Intitulada “A Produção Social dos Sentidos nos Processos Interculturais de Comunicação e Saúde: a apropriação das Políticas Públicas de Saúde para ciganos no Brasil e em Portugal”, a tese de Azevedo faz um extenso levantamento histórico da vida cigana e também – sob a ótica da saúde – tenta mostrar qual o impacto das políticas públicas para esses povos.
A origem dos povos ciganos é imprecisa.
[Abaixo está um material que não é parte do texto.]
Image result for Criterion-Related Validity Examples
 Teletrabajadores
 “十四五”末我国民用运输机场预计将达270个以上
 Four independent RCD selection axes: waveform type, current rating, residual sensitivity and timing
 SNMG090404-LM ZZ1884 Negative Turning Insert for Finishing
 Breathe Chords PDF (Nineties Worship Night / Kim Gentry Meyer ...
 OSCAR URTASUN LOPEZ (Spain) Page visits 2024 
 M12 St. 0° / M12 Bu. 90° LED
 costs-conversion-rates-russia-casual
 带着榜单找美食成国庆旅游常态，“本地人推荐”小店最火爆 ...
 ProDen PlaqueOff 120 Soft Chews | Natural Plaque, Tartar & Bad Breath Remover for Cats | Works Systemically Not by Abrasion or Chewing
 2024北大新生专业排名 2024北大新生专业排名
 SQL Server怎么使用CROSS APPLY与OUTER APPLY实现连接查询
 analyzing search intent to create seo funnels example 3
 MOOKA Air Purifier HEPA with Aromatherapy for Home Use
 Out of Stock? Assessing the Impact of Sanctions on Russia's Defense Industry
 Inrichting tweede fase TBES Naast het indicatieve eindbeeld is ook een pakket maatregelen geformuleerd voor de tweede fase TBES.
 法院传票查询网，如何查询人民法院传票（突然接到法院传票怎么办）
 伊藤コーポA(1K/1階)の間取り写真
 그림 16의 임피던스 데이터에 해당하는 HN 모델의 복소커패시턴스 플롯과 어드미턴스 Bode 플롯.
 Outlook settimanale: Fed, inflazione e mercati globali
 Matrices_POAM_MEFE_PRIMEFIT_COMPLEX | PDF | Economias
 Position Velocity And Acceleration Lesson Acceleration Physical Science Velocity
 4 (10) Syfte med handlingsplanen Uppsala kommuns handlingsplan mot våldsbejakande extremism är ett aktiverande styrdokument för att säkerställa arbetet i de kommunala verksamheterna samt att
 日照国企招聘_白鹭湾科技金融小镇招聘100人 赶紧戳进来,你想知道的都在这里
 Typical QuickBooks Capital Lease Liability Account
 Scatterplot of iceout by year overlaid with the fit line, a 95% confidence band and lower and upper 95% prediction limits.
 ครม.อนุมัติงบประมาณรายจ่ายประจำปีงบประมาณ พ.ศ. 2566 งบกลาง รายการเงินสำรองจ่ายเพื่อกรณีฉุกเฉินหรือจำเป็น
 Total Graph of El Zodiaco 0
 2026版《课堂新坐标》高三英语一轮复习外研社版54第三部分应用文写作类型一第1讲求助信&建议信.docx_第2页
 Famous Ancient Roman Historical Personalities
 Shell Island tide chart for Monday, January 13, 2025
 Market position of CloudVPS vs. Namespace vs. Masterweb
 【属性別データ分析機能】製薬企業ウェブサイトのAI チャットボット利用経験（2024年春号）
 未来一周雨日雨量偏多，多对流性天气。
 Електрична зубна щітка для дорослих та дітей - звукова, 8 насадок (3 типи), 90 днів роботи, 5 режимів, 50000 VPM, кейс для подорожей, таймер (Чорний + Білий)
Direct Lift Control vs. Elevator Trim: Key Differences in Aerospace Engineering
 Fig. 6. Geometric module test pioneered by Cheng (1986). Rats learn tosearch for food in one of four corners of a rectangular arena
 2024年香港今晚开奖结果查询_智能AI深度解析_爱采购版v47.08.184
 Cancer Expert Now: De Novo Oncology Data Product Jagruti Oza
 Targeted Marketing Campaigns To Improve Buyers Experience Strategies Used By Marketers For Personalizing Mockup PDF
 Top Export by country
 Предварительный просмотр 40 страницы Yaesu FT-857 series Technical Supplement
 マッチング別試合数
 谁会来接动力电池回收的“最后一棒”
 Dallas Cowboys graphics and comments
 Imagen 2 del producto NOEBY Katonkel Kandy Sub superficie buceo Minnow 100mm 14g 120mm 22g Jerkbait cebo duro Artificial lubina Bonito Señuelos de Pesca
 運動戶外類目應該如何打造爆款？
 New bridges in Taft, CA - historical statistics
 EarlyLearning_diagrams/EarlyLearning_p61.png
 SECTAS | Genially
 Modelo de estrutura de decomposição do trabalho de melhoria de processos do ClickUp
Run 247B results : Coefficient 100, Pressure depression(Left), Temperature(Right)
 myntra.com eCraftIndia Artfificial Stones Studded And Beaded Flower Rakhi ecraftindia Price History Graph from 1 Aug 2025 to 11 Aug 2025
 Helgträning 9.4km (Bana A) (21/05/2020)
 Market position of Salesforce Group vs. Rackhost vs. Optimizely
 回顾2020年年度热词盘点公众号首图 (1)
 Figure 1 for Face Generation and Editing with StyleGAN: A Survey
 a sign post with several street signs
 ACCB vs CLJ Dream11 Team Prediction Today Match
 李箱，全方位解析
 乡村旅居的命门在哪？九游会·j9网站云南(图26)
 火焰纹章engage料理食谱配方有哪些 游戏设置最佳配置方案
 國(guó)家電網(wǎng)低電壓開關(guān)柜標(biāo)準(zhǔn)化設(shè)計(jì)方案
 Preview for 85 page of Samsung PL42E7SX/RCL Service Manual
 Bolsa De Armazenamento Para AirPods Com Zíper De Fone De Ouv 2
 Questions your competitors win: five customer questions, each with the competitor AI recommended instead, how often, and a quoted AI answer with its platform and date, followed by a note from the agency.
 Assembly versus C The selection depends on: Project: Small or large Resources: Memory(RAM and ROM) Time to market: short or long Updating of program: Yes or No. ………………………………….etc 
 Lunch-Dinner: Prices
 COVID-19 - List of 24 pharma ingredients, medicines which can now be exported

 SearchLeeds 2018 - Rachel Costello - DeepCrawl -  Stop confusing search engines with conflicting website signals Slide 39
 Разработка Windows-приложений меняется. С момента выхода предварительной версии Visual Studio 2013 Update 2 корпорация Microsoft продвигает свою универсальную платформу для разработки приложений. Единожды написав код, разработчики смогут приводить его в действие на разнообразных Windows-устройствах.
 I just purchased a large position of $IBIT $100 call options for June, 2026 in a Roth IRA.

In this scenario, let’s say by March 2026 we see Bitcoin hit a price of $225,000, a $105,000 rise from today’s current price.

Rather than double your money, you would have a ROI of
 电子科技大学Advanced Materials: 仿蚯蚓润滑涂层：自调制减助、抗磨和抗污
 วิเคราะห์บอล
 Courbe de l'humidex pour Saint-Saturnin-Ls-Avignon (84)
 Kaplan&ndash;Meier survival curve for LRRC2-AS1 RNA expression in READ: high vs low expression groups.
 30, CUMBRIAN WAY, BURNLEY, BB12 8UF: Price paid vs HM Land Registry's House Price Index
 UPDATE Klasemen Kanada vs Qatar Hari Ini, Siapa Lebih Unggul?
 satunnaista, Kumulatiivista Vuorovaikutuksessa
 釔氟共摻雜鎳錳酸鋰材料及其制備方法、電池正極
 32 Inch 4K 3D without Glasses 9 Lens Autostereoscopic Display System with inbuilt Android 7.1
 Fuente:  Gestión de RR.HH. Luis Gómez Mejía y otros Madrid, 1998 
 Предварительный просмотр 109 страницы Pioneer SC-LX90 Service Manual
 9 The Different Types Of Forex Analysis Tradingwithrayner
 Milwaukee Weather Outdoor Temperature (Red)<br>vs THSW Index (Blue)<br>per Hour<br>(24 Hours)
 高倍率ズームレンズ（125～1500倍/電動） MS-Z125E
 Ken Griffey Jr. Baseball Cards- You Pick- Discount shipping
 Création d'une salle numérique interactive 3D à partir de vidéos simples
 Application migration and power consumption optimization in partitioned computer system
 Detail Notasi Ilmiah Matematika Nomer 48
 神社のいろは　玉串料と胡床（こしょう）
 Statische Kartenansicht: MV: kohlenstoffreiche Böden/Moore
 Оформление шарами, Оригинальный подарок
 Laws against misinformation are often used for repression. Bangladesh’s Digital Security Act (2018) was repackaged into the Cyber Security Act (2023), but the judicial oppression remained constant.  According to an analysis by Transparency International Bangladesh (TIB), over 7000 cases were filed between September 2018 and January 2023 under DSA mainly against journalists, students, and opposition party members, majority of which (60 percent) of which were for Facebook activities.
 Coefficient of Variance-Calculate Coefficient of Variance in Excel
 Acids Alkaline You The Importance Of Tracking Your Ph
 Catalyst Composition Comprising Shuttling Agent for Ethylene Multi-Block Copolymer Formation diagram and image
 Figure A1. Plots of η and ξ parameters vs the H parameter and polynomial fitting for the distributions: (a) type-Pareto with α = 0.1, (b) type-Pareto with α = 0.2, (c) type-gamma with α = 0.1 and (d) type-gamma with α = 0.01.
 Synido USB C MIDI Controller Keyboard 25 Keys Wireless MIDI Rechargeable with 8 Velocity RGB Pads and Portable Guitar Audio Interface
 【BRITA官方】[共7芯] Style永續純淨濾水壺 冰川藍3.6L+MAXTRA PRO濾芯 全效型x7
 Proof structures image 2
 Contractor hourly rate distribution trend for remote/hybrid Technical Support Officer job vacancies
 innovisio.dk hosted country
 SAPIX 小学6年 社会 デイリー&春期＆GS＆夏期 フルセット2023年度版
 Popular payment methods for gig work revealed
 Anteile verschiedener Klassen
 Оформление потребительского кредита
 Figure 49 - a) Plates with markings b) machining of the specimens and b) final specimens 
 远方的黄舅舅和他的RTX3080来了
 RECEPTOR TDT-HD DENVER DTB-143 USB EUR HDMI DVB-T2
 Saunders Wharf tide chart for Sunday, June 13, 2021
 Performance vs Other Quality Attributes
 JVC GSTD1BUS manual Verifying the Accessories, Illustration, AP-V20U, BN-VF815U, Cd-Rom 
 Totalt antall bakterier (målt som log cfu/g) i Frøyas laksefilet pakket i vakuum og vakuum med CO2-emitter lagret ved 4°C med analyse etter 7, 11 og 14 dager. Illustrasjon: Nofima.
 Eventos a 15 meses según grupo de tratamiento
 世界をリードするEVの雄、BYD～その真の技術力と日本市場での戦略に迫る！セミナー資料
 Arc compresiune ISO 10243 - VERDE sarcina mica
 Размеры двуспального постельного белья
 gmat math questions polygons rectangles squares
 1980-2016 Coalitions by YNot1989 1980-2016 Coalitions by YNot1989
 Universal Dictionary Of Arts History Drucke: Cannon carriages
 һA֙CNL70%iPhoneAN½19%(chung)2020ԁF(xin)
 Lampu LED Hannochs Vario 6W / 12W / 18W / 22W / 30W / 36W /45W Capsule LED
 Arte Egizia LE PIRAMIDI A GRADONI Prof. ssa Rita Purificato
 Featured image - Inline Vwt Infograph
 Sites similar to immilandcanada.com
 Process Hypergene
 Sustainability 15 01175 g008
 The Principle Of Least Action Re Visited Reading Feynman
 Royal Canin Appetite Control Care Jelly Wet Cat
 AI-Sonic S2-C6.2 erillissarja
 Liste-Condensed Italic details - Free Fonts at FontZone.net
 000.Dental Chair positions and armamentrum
Alguns atribuem a sua origem à Índia, outros ao Egito. A maior dificuldade é devido não se ter “a história escrita, apenas a oral”, como explica Azevedo, que ainda chama a atenção para a quantidade de lendas, mitos, fantasias e construções do senso comum que cercam os povos ciganos no imaginário popular – “isto mantém e reforça preconceitos e estigmas, discriminação, desigualdades e exclusões”, afirma Azevedo. Mesmo assim, é possível identificar grupos de ciganos antes do século X, na Turquia, nos países balcânicos (Albânia, Bósnia e Herzegovina, Bulgária, Grécia, República da Macedônica, Montenegro, Sérvia, Kosovo, além da porção turca no continente europeu), e na Croácia, Romênia, Eslovênia e a Áustria. Na Europa Ocidental, a presença inicial dos povos ciganos é reconhecida na Alemanha, em 1417. Ainda no século XV, eles são encontrados na França, Grécia, Espanha e Portugal, dentre outros países.
O aluno do PPGICS chama a atenção em sua tese que, durante séculos, por todos os países por onde passaram, os povos ciganos deveriam seguir leis e regulamentos específicos, que no fundo “buscavam erradicá-los ou obrigá-los a se integrarem na sociedade através da sedentarização, além de criminalizá-los”.
Ainda no século XV, Portugal passa a ser o primeiro país do mundo a lançar uma política agressiva contra os ‘romani’, como eram chamados os povos ciganos à época, com o banimento ou degredo para as terras do Novo Mundo – países africanos e o Brasil. Azevedo cita em sua tese que – pela legislação portuguesa vigente, “a colônia americana foi legitimada como destino para os ciganos degredados já no ano de 1549, por meio de um decreto de Dom João III”.
Segundo dados levantados por Azevedo, por quase 300 anos – graças a ligação histórica entre Portugal e o Brasil – povos da etnia cigana Kalon foram os que desembarcaram e viveram no país. Aluízio de Azevedo explica que “desta forma, entre as normativas e punições aplicadas aos ciganos no Brasil ao longo do período colonial, durante o época imperial e até durante a República (até os anos 1940), constavam: a proibição de ser cigano, que incluía falar a língua própria, usar seus trajes, viajar em bandos, praticar a leitura de sorte ou ‘feitiçarias’, praticar a ‘vagabundagem’ ou a mendicância; a sedentarização com a ocupação de trabalhos fixos, e a separação de famílias, com a entrega de filhos para que soldados os "educassem"; e assassinatos – embora em menor escala – no Brasil também aconteceram, com o apoio da população, caçadas aos grupos e acampamentos”. Além disso, afirma Azevedo, “qualquer cidadão tinha direito a prender ciganos e entregá-los na cadeia mais próxima, podendo a pessoa tomar-lhes todos os bens, ouro, roupas ou cavalos".
Segundo estimativas do IBGE e, conforme explica Aluízio de Azevedo Silva Júnior em sua tese, e de estudiosos ligados ao tema, existem no Brasil (dados de 2013) cerca de 500 mil pessoas ciganas, divididas por três grandes etnias. Temos os Kalon (a maioria no país), os Rom e os Sinti, que ainda se subdividem em diversos grupos e subgrupos. “Ser cigano é pertencer a uma etnia cigana e não a uma religião”, esclarece Azevedo. “Aliás, os grupos ciganos não têm uma religião de origem e, normalmente, adotam a religião dos lugares onde estão. No Brasil a maioria é católica, mas hoje há um forte movimento de conversão às igrejas evangélicas”, afirma.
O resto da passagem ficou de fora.